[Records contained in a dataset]
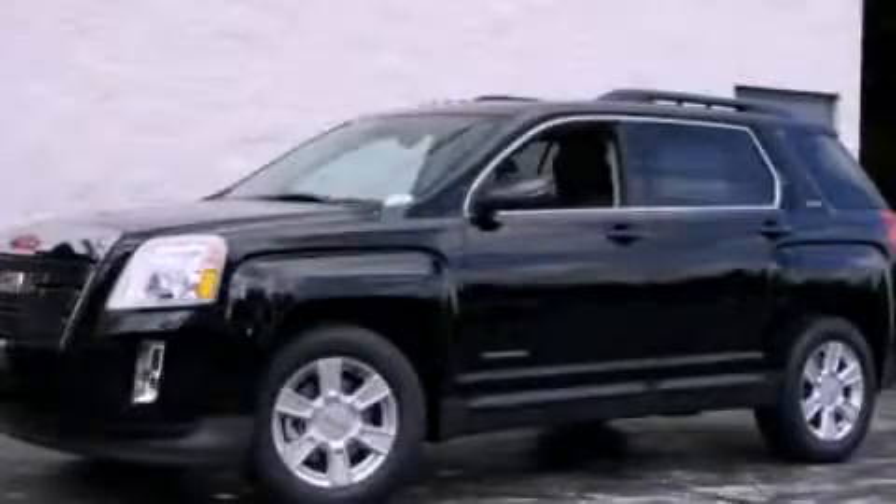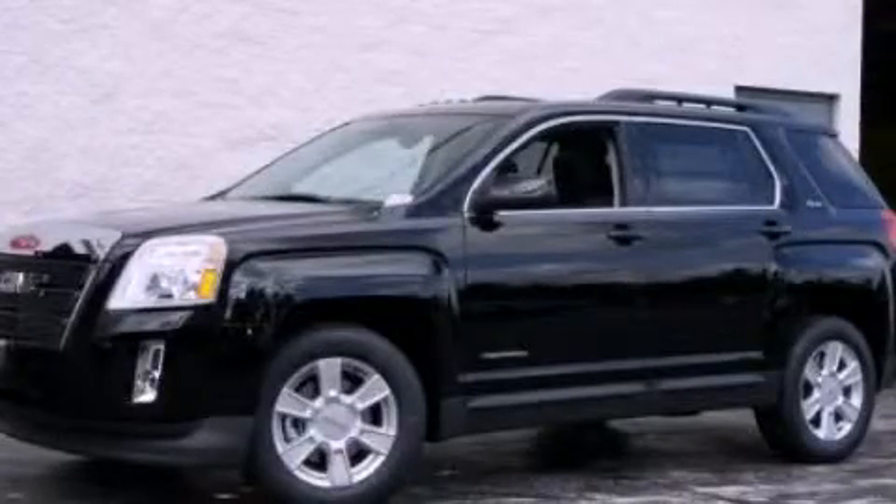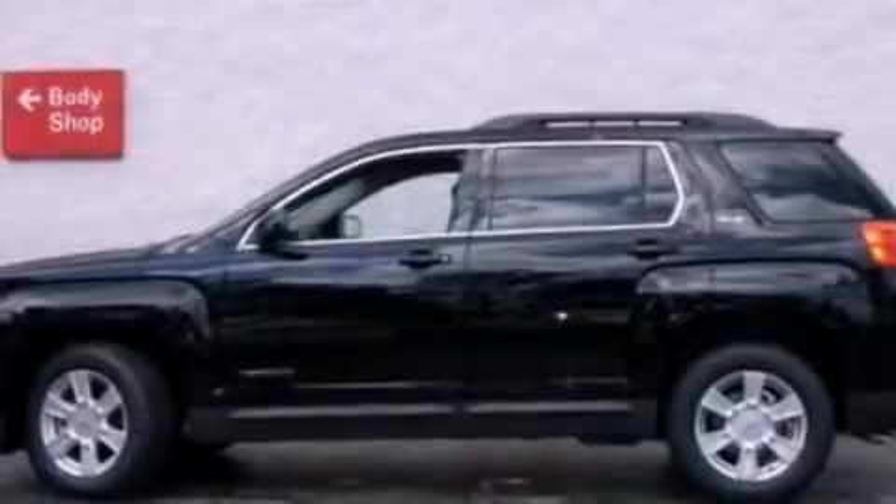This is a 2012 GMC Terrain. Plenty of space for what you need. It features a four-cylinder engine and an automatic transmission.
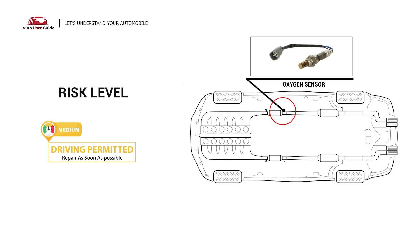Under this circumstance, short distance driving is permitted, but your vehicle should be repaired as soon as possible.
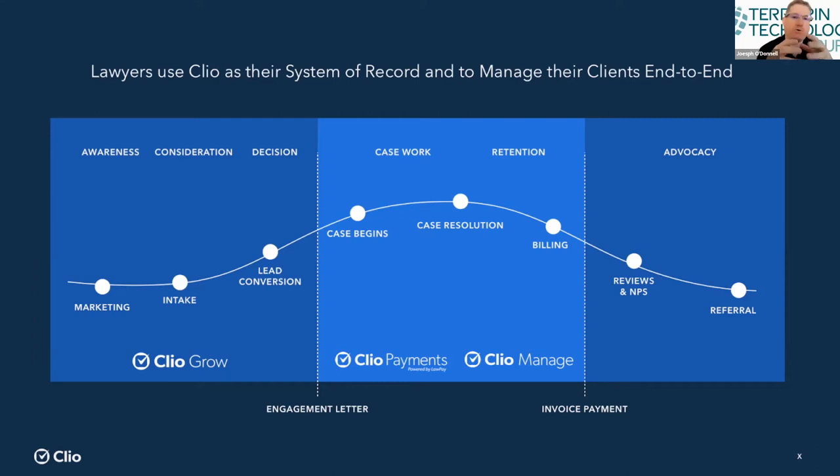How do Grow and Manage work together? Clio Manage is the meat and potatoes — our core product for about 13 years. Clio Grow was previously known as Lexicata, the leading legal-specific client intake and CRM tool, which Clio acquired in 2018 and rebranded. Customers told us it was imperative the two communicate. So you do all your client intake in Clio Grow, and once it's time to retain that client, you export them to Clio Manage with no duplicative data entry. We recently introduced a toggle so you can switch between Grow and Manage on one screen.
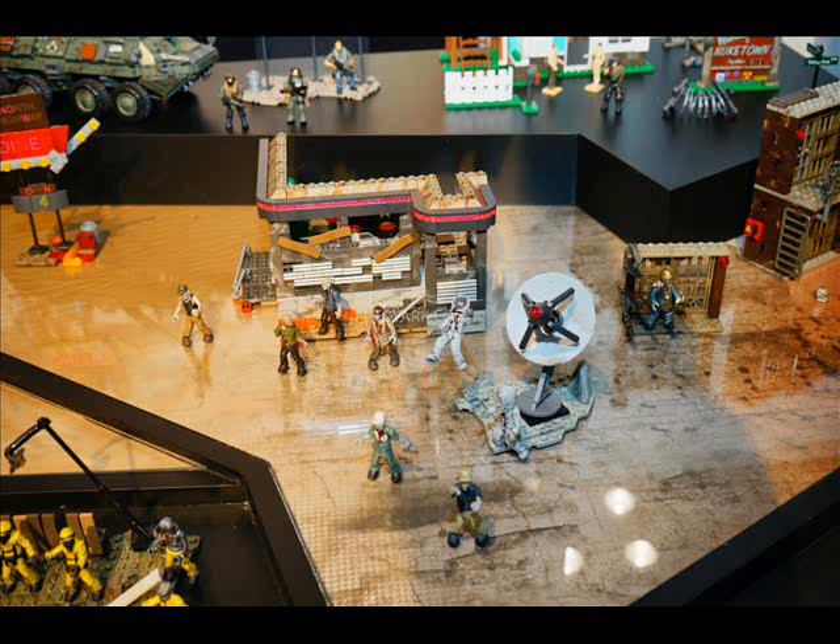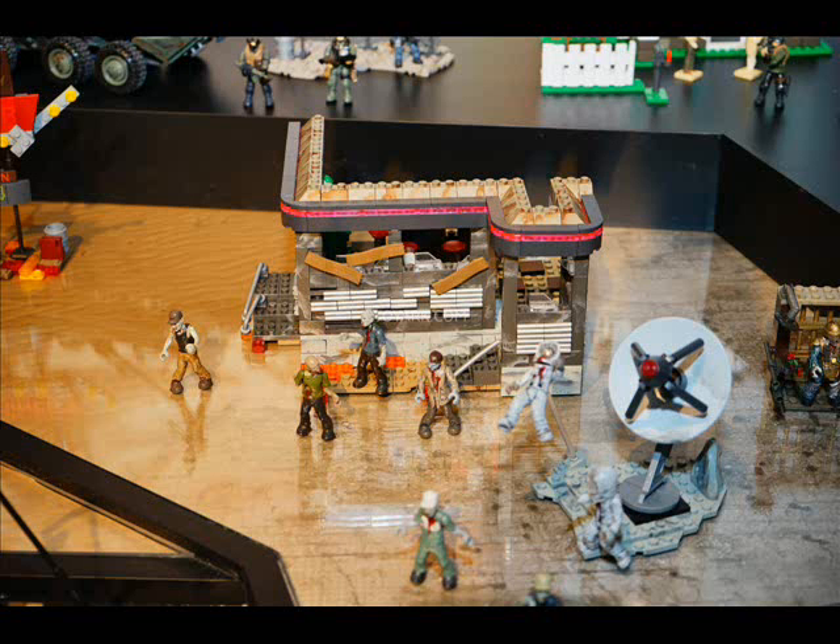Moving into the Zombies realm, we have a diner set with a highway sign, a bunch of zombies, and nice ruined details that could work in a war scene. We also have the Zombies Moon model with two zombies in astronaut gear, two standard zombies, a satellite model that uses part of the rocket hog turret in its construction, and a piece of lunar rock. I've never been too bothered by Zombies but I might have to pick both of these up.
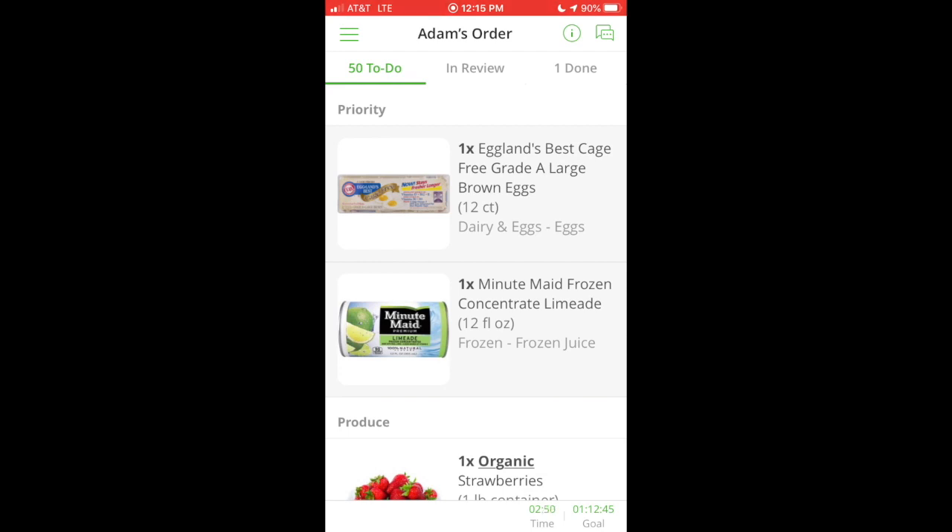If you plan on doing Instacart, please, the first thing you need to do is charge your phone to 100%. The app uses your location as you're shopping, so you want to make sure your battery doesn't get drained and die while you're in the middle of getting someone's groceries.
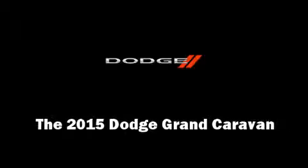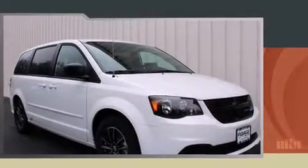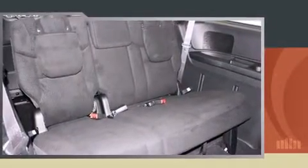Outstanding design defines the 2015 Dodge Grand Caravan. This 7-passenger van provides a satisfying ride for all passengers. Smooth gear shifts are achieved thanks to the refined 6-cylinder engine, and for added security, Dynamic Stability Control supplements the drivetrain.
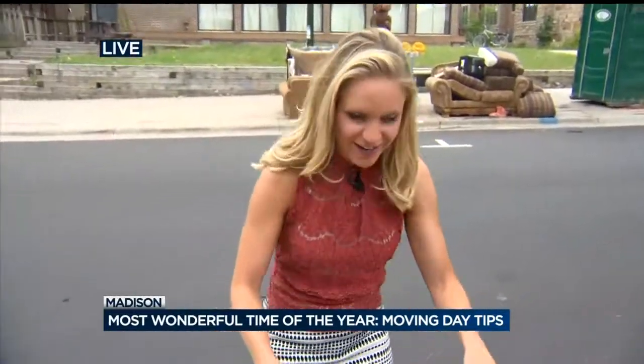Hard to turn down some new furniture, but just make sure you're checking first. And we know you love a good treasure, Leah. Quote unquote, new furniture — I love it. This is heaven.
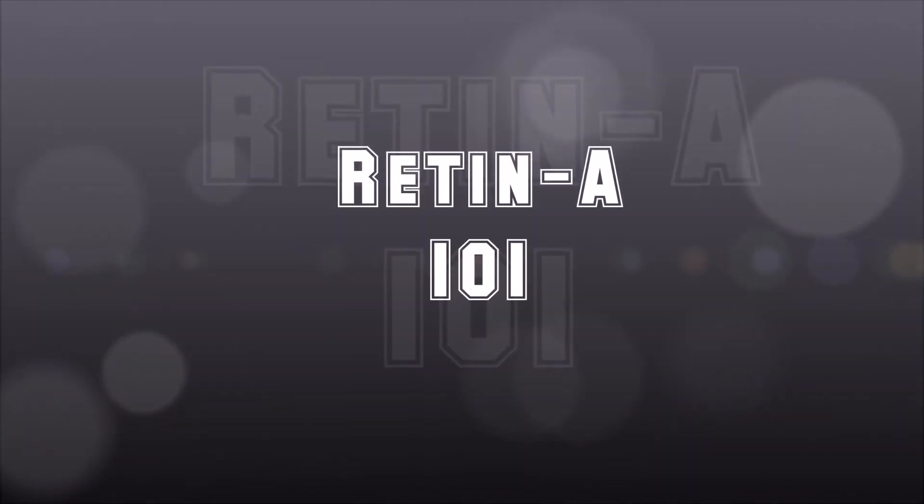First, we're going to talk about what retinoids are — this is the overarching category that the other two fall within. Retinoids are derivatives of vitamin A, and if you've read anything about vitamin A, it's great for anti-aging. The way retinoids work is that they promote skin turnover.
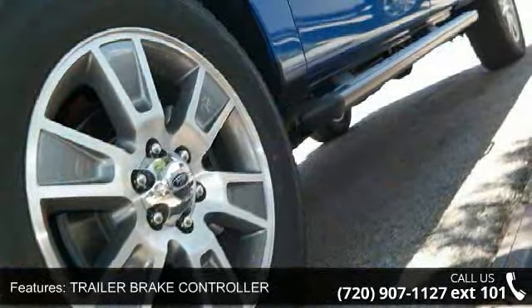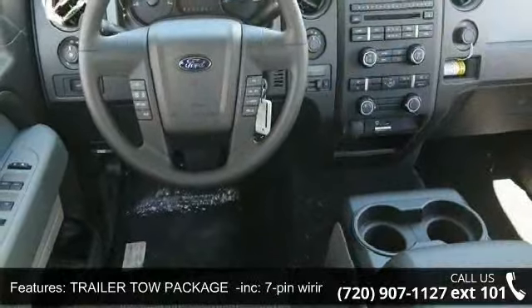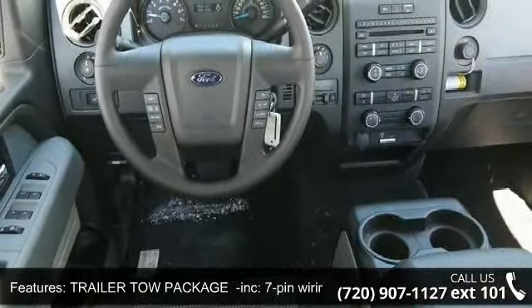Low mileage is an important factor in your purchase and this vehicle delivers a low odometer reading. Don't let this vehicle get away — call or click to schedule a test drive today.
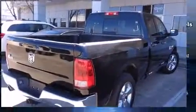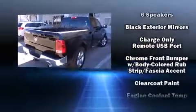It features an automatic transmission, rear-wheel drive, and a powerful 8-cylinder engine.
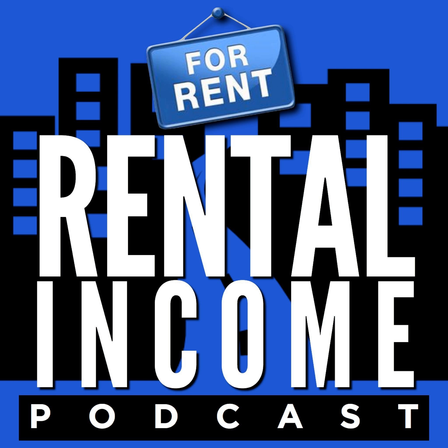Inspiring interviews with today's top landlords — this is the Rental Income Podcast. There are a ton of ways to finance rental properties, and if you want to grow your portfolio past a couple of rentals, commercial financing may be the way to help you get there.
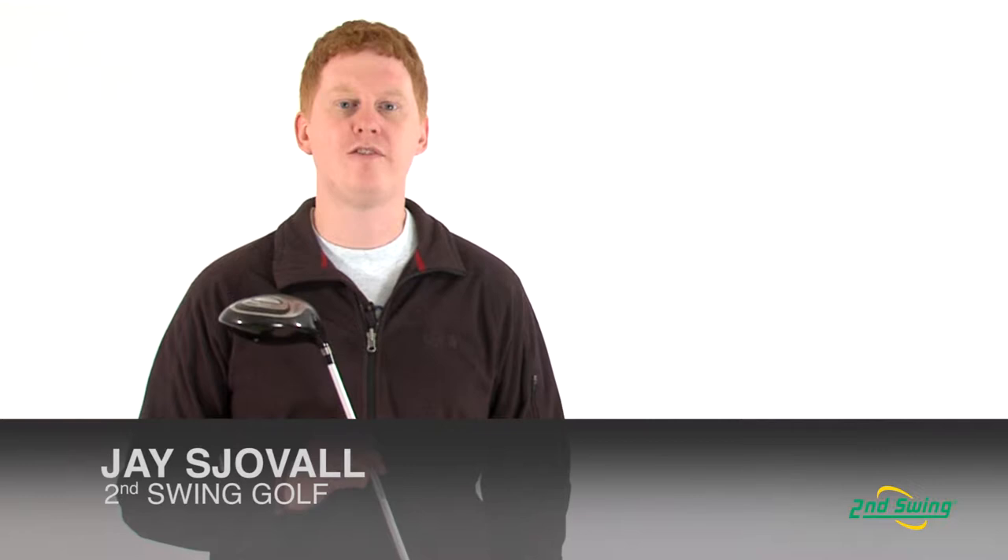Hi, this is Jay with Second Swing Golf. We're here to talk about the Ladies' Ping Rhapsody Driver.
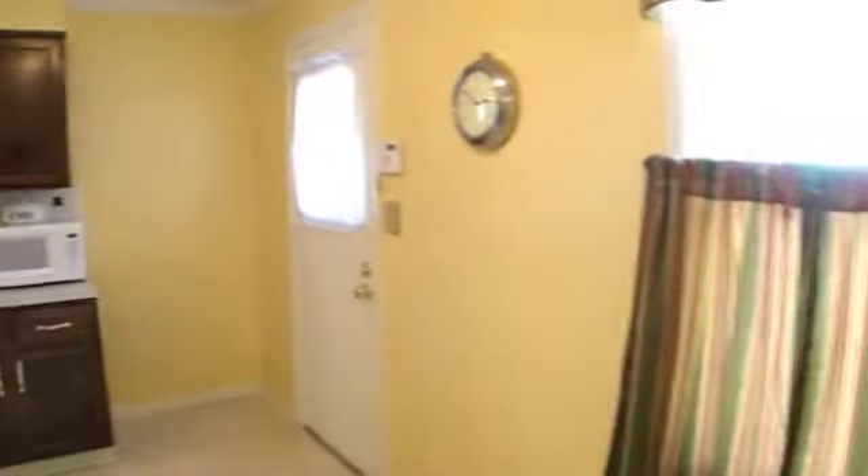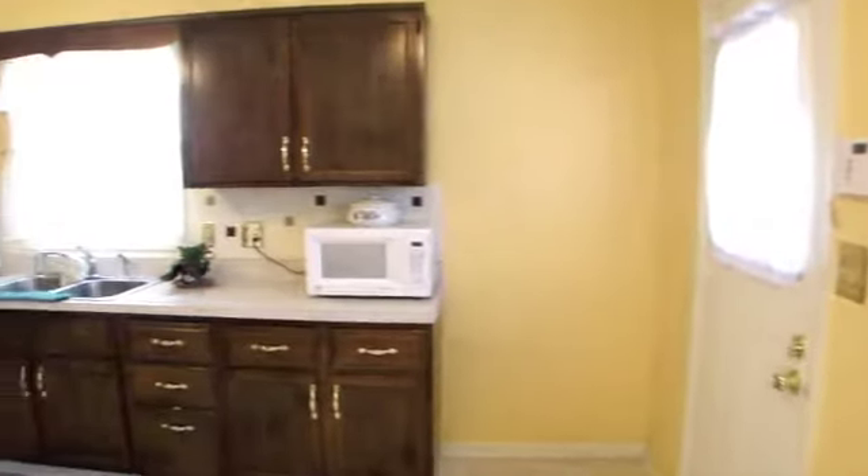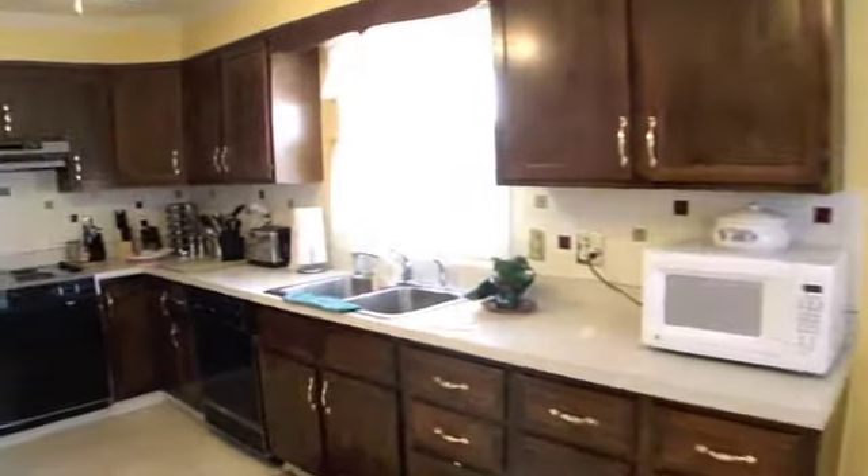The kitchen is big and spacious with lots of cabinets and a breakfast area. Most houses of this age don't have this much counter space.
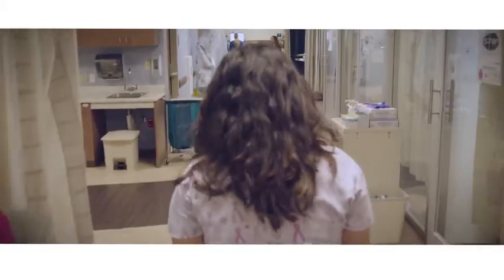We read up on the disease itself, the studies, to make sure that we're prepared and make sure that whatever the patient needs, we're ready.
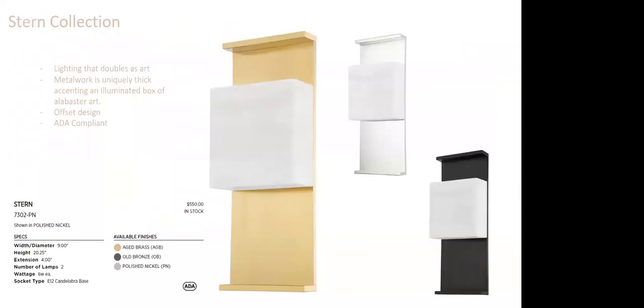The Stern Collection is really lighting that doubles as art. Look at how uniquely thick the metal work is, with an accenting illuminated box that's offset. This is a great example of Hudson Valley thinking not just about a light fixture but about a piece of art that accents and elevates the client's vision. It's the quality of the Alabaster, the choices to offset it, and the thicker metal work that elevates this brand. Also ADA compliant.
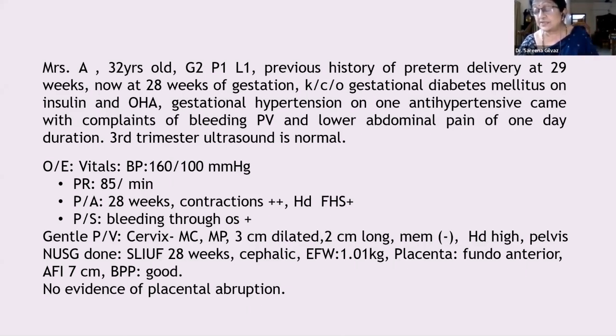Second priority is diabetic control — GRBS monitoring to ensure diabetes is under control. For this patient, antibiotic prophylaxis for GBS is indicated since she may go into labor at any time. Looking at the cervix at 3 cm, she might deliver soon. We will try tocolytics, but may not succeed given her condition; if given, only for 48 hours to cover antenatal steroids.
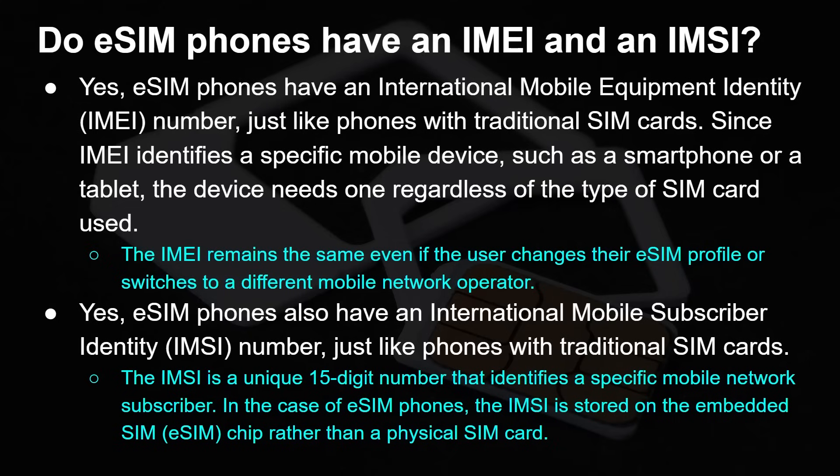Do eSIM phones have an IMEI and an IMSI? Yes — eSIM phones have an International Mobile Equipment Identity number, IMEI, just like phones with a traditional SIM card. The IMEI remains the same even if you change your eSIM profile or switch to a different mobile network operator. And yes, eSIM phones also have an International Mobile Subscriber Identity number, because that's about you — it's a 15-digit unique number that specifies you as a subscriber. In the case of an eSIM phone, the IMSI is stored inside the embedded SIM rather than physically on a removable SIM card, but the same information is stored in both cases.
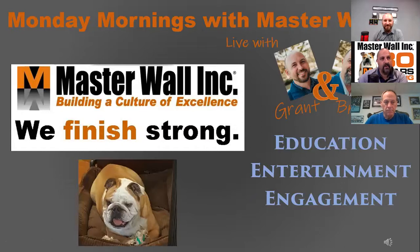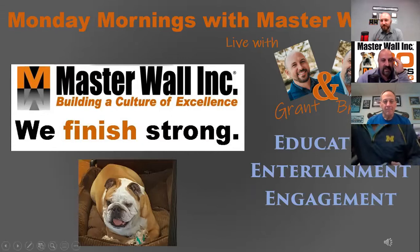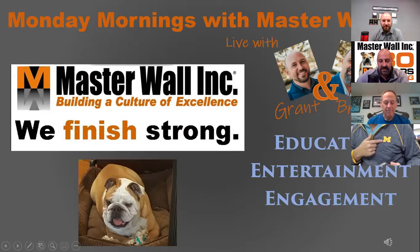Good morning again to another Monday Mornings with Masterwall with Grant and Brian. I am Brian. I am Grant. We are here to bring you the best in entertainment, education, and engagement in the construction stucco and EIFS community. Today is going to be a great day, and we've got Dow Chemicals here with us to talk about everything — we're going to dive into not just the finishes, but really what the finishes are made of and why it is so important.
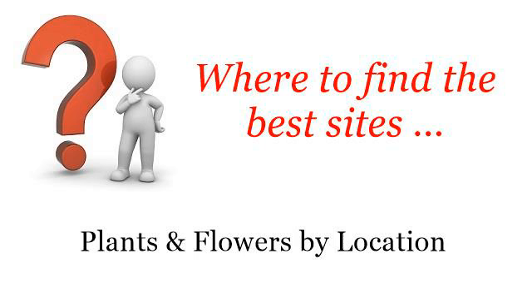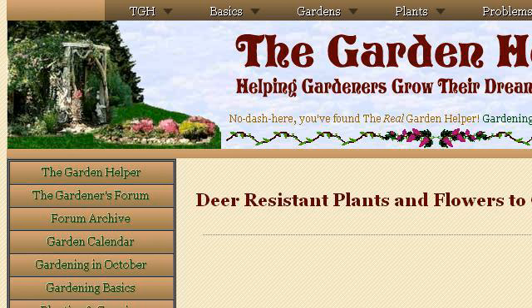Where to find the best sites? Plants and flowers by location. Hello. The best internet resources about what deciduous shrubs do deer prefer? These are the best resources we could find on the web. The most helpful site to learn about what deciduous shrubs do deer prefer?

◆ Task objective:
Please print the lines above word for word, starting at the one with "Inspiring interviews with" and ending at the one with "The Stern Collection", both included, and without any picture.

◆ The answer:
Inspiring interviews with today's top landlords — this is the Rental Income Podcast. There are a ton of ways to finance rental properties, and if you want to grow your portfolio past a couple of rentals, commercial financing may be the way to help you get there.
Hi, this is Jay with Second Swing Golf. We're here to talk about the Ladies' Ping Rhapsody Driver.
The kitchen is big and spacious with lots of cabinets and a breakfast area. Most houses of this age don't have this much counter space.
We read up on the disease itself, the studies, to make sure that we're prepared and make sure that whatever the patient needs, we're ready.
The Stern Collection is really lighting that doubles as art. Look at how uniquely thick the metal work is, with an accenting illuminated box that's offset. This is a great example of Hudson Valley thinking not just about a light fixture but about a piece of art that accents and elevates the client's vision. It's the quality of the Alabaster, the choices to offset it, and the thicker metal work that elevates this brand. Also ADA compliant.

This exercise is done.